Edit: This has been observed starting with 8.5x (probably was there before but this was the earliest version we saw it)

This indicates that you have a lot of completion fields which are unused by your searches.

The screenshot you shared shows that a few IndexShard instances retain quite a lot of heap, but could you expand that to confirm that it really is completion stats that causes you a problem?

Is it just GET _cluster/stats which causes the problem, or do you see the same issues with GET _nodes/stats and GET _stats?

Sorry for coming back a bit late, I had to setup a system first.
Yes, all these URLs also lead to the same behavior.

See this screenshot why I believe that it's caused by the completion-suggester, all the data in the IndexShard comes from CompletionFieldsProducer

Currently I'm reducing the amount of data that is put into the completion-fields (source) and see if I can solve the problem in that way.

The IndexShard instance you picture retains ~12.2MiB, of which ~3.3MiB (27%) is related to completion fields.

AIUI size = 15 indicates you have 15 completion fields in this shard's mappings. Do you need all of those? The fact that searches work but stats don't indicates that a substantial fraction of your completion fields are not being used by searches.

Yes, this is a kind separation of data (languages). As we use contexts anyways, would moving the separation per language into the context and just using one completion field make the situation better from your perspective?

And thanks again for helping out!

If you're really using all those fields in your searches then that's ok, you can leave them alone. I'm just trying to understand why the stats calls are loading completion data that isn't loaded by searches.

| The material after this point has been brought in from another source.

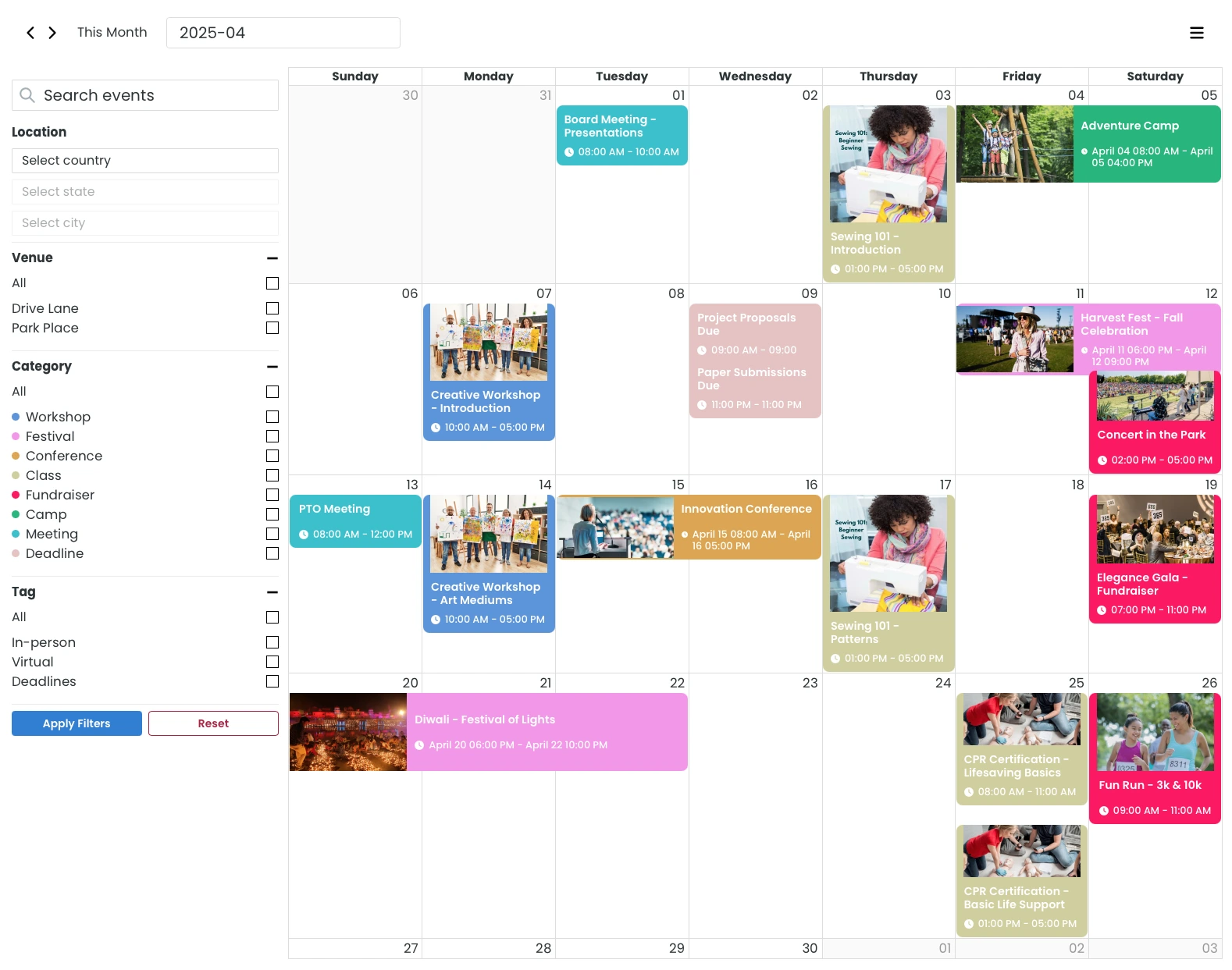 Calendar+ Month View Desktop Layout.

I did another run with only one field and less data to make sure ES is still running.
I did a heapdump right before the stats-call and one heapdump right after the stats-call.
It increases by nearly 400MB, this data will also stay on heap. It's not temporary but doesn't increase when issuing stats a 2nd time.
Btw: the IndexService size in the heap-dump somewhat correlates with this part of the stats output:

"completion" : {
"size_in_bytes" : 330962406
},

Before:

was only allowed to include one image, so here the 2nd

After:

Edit: if helpful, I can provide both heapdumps.

That's the behaviour I would expect. This data is loaded on-demand, either when needed for a search involving the completion field or when computing their stats. Since it's not being loaded by searches, only by stats calls, it seems that you aren't really using all these fields in your searches.

FWIW I expect the data is dropped again when the underlying segments change (i.e. on a refresh).

All completions come from that field and we are using it (it was not used in the first heapdump, that was taken right after importing the data).
It doesn't use any noticeable memory. There is also an API-calls (our API) which only delivers completion results. E.g. it only uses the completion-feature. They only thing I could imagine is that it doesn't fill those structure completely on any search but it would if all possible combinations would be queried.

Anyway we are now removing this and will use another approach to get completions because even if that's the intended behavior the pressure on heap is too high and unpredictable (e.g. we don't know what customers import).

This topic was automatically closed 28 days after the last reply. New replies are no longer allowed.